• [The data]

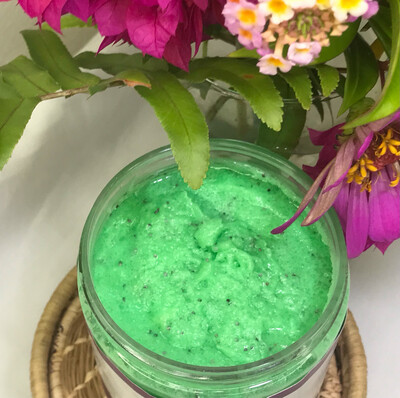 Lemongrass &amp; Poppyseed Sugar Scrub  4 Oz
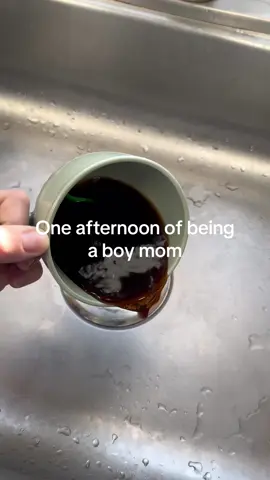 At least that was my husband’s coffee #boymom 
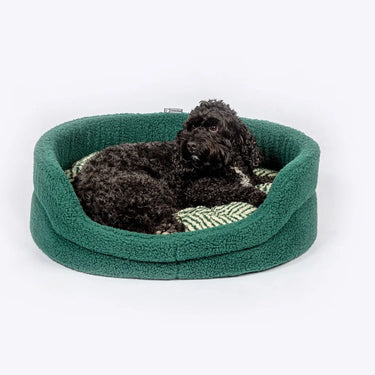 Danish Design Fleece Slumber Bed Green Herringbone| Online For Equine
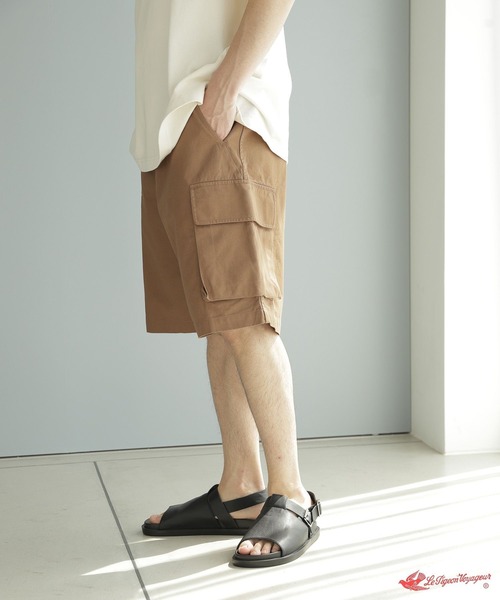 「Le Pigeon Voyageur」 ハーフパンツ MEDIUM グリーン メンズ_画像2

• [Directions] Beginning with the line that contains "Danish Design Fleece" and ending with the last line of the data, restate each line word for word. Exclude the pictures.

• [Solved exercise]
 Danish Design Fleece Slumber Bed Green Herringbone| Online For Equine
 「Le Pigeon Voyageur」 ハーフパンツ MEDIUM グリーン メンズ_画像2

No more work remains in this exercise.